Twitter at a funeral: The evolution of tweeting from a service since Marten Kudlis controversy
A lot has changed in journalism over the past three years -- including the death of the Rocky Mountain News. But at least one thing remains the same: Reporters who tweet from a funeral are asking for criticism. A Boston Herald journalist is currently learning this lesson, which was also taught to a Rocky scribe circa 2008.
In recent days, sites like Boston Sports List have taken Herald reporter Ian Rapoport to task for using Twitter at the funeral for Myra Kraft, wife of New England Patriots owner Robert Kraft. Rapoport defended himself on, yes, Twitter, with the following message:
So everyone debating has the facts: There was no tweeting during the service. Only before and after. All were respectful.
He also appeared on WEEI Sports Network to explain himself further. On the show, he didn't apologize for using Twitter to cover what he saw as a news event. But there was this acknowledgement:
The only thing that I'm sort of still thinking about that I think is difficult for some people to wrap their head around is I was inside the building. I was physically in the temple... Maybe it might have been better to step outside in the reporter area, communicate the news that way and then go back in. I just didn't want to lose my seat. So maybe that's something if I could do it again I would consider physically where I was. I was in my seat. Would it have been better if I was in the hallway, in the doorway? I'm not sure, but those are the kind of things I'm thinking about.

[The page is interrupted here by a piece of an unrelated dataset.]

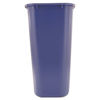 Picture of Rubbermaid Commercial Products Fg295773Blue Plastic Resin Deskside Recycling Can, 10 Gallon/41 Quart, Blue Recycling Symbol, 12 Pack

In September 2008, such distinctions hadn't really been thought through. Hence, the firestorm that followed Rocky staffer Berny Morson's tweets from the funeral service for three-year-old Marten Kundis, who was killed when a woman with a terrible driving record crashed into an ice-cream store. Here's the text he sent:
RMN_Berny: procession begins Wednesday, Sep. 10, 11:01 a.m.
RMN_Berny: people gathering at graveside Wednesday, Sep. 10, 11:14 a.m.
RMN_Berny: coffin lowered into ground Wednesday, Sep. 10, 11:18 a.m.
RMN_Berny: rabbi zucker praying Wednesday, Sep. 10, 11:18 a.m.
RMN_Berny: rabbi recites the main hebrew prayer of death Wednesday, Sep. 10, 11:20 a.m.
RMN_Berny: earth being placed on coffin. Wednesday, Sep. 10, 11:22 a.m.
RMN_Berny: rabbi chanting final prayer in hebrew Wednesday, Sep. 10, 11:27 a.m.
RMN_Berny: rabbi calls end to ceremony Wednesday, Sep. 10, 11:28 a.m.
RMN_Berny: family members shovel earth into grave Wednesday, Sep. 10, 11:40 a.m.
The journalism community promptly attacked the Rocky for this bizarre brand of play-by-play, with negative reader reaction likely contributing to the paper's decision to cancel another planned funeral Twitter session the following week.
Of course, Rapoport didn't write about shoveling: His tweets mainly focused on anecdotes and celebrity members of the Patriots, like quarterback Tom Brady, who showed up to pay their respects to Kraft. But he came in for a pummeling anyhow, suggesting that we still may not have reached the point where tweeting and funerals mix.
Good news? Or an example that this social medium is still misunderstood? You be the judge.